Ha affermato, in tal senso, il Conseil constitutionnel che, omettendo di precisare le condizioni di forma di una tale responsabilità ed inoltre, non determinando le caratteristiche essenziali del comportamento colpevole, tale da determinare, all'occorrenza, la imputabilità degli interessati, il legislatore transalpino aveva disatteso i dettami che gli derivano dall'articolo 34 della Costituzione.

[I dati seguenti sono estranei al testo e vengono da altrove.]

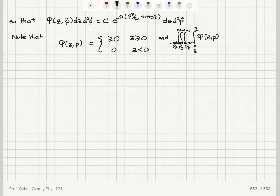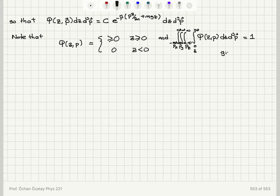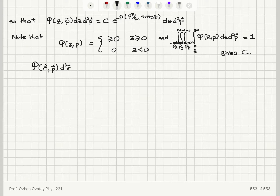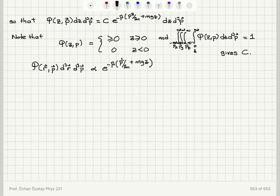The probability distribution is greater than or equal to zero when z is greater than or equal to zero, and zero for z less than zero. Integrating over all possible momentum values (minus infinity to plus infinity) and all z values from zero to infinity and setting the total equal to 1 gives our normalization condition, determining c. So the probability distribution function for r and p times d³r d³p is proportional to e to the minus beta (p² over 2m plus mgz) d³r d³p.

In ragione di ciò, il Conseil constitutionnel ha dichiarato pertanto la illegittimità costituzionale dell'art. 43-8 della predetta legge, nella parte in cui disponeva che: «- ou si, ayant été saisies par un tiers estimant que le contenu qu'elles hébergent est illicite ou lui cause un préjudice, elles n'ont pas procédé aux diligences appropriées» (nella libera traduzione degli autori: "- o se, essendo stati portati a conoscenza da un terzo che reputa illecito il contenuto ospitato [dal provider], oppure ritiene che detto contenuto gli causi un pregiudizio, non hanno proceduto alle appropriate diligenze").
Ma vi è di più.

Per valutare la fondatezza e legittimità delle notification che perverranno, i provider saranno tenuti ad affrontare gli elevati costi necessari ad apprestare uffici ad hoc, che si avvalgano della collaborazione di qualificato personale specializzato.

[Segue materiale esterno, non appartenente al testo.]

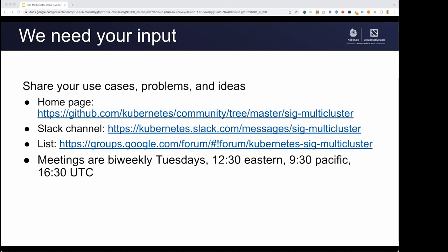We really need your input to know what the right things to spend time on are. You can check out our homepage, Slack channel, and mailing list linked below. Please join us for our bi-weekly meetings, which are on Tuesdays at 12:30 Eastern, 9:30 Pacific. If you'd like to bring something to the SIG, please feel free to throw it onto the agenda — it's world-writable, so just go in and make some edits and we'll hope to see you at one of those meetings. Thank you so much for joining us for the SIG multi-cluster intro and deep dive. Hopefully you had a great time at KubeCon, and we look forward to seeing you at the SIG.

Muovendo da tali considerazioni riveste allora grandissimo interesse una recente decisione con la quale la Corte federale austriaca di giustizia costituzionale ha dichiarato incostituzionale la «Sezione 89» del Telekommunikationsgesetz (Legge di telecomunicazione), nella parte in cui impone(va) che le spese necessarie ad attivare le previste «misure di monitoraggio» dei contenuti veicolati sulle reti di trasmissione fossero poste a carico degli stessi fornitori di servizi di telecomunicazione.

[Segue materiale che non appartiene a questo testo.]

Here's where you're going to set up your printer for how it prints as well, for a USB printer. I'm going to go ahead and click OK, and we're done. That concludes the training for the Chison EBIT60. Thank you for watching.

Ha rilevato, al riguardo, la Suprema corte austriaca che: «la determinazione di chi deve sopportare le spese deve essere proporzionata allo stato ed agli interessi dei fornitori di servizi di telecomunicazione. Orbene, poiché dalla norma non si rivela alcuna considerazione per la regola di base della proporzionalità e poiché essa non riesce a limitare i carichi finanziari, la Sezione 89 del Telekommunikationsgesetz, nell'ultimo comma, è da ritenersi incostituzionale (omissis). Il fatto, poi, che lo Stato possa aver affrontato restrizioni di bilancio, non è, in sé stesso, sufficiente a giustificare la corrente regolamentazione delle spese prevista dalla Sezione n. 89 del Telekommunikationsgesetz» (Der Österreichische Verfassungsgerichtshof - VfGH, G 37/02 Ua - Sentenza del 27 febbraio 2003, nella libera traduzione curata dagli autori).
   

* Queste pagine sono la trascrizione dell'intervento svolto nell'ambito del corso di Diritto dell'Internet dell'European School of Economincs. Tali pagine integrate e con un apparato di note compiute confluiranno nel volume G. Cassano "Corso di Diritto dell'Internet. Manuale per la didattica"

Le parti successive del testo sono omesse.